Left Digit Right Digit Rotated Left Digit Match
6 9 9 Yes

Pointers move inward:

Variable Value
left 1
right 0

Loop ends because left > right.

Return True.

Example 2

Input:

num = "88"

Iteration 1:

Left Digit Right Digit Rotated Left Digit Match
8 8 8 Yes

Pointers move inward and loop terminates.

Return True.

Example 3

Input:

num = "962"

Iteration 1:

Left Digit Right Digit Rotated Left Digit Match
9 2 6 No

Since the rotated value does not match the right digit, return False.

Complexity Analysis

Measure Complexity Explanation
Time O(n) Each digit is checked at most once
Space O(1) The rotation map contains a fixed number of entries

The algorithm processes the string using two pointers that move toward the center. Each iteration performs constant time work, resulting in linear time complexity.

The extra space usage is constant because the hash map always contains exactly five mappings regardless of input size.

Test Cases

solution = Solution()

assert solution.isStrobogrammatic("69") == True      # basic valid pair
assert solution.isStrobogrammatic("88") == True      # symmetric valid digits
assert solution.isStrobogrammatic("962") == False    # invalid rotation

assert solution.isStrobogrammatic("0") == True       # single valid digit
assert solution.isStrobogrammatic("1") == True       # single valid digit
assert solution.isStrobogrammatic("8") == True       # single valid digit

assert solution.isStrobogrammatic("2") == False      # invalid single digit
assert solution.isStrobogrammatic("5") == False      # invalid single digit

assert solution.isStrobogrammatic("11") == True      # identical valid digits
assert solution.isStrobogrammatic("96") == True      # reversed valid pair
assert solution.isStrobogrammatic("818") == True     # odd length valid case
assert solution.isStrobogrammatic("619") == True     # mixed valid digits

assert solution.isStrobogrammatic("101") == True     # valid center digit
assert solution.isStrobogrammatic("609") == True     # 6 and 9 pairing

assert solution.isStrobogrammatic("916") == False    # incorrect mirrored pair
assert solution.isStrobogrammatic("123") == False    # contains invalid digits
assert solution.isStrobogrammatic("686") == False    # center mismatch
Test Why
"69" Standard valid strobogrammatic pair
"88" Self-rotating digits
"962" Invalid mirrored relationship
"0" Smallest valid input
"2" Invalid standalone digit
"818" Odd length valid number
"609" Valid use of 6 and 9
"916" Incorrect mirrored order
"123" Contains unsupported digits
"686" Incorrect center behavior

Edge Cases

One important edge case is a single digit input. Only 0, 1, and 8 remain valid after rotation because they map to themselves. Digits like 6 and 9 cannot appear alone because rotating them changes the digit. The implementation handles this naturally because the left and right pointers meet at the same index, and the mapping check ensures the digit maps to itself.

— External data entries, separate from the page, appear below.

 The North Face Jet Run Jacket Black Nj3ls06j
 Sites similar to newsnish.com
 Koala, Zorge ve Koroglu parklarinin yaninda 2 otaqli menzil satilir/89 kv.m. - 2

Another important case is odd length numbers. In these inputs, the middle digit has no mirrored partner, so it must be self-rotating. For example, "818" is valid because the center digit is 1, while "696" is invalid because the center digit 9 rotates into 6. The condition left <= right ensures the middle digit is checked correctly.

A third edge case involves invalid digits such as 2, 3, 4, 5, and 7. These digits have no valid rotated representation. A naive implementation might forget to reject them explicitly. This solution avoids that issue by checking whether each digit exists in the rotation map before attempting comparison. If a digit is absent, the function immediately returns False.